**DATASET CONTENT:**

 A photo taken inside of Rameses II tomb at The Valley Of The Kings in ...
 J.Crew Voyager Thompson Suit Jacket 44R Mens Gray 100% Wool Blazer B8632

* * *

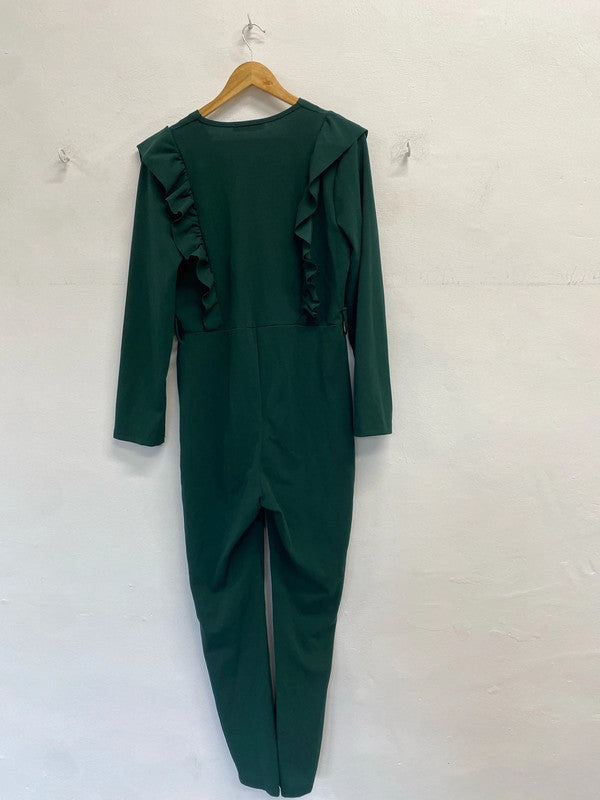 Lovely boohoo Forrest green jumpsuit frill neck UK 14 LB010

**REQUIRED ACTION:**
Among the records above, a stretch begins at the line containing "A photo taken" and ends at the line containing "J.Crew Voyager Thompson". Restate that stretch word for word, and nothing else.

**RESULT:**
 A photo taken inside of Rameses II tomb at The Valley Of The Kings in ...
 J.Crew Voyager Thompson Suit Jacket 44R Mens Gray 100% Wool Blazer B8632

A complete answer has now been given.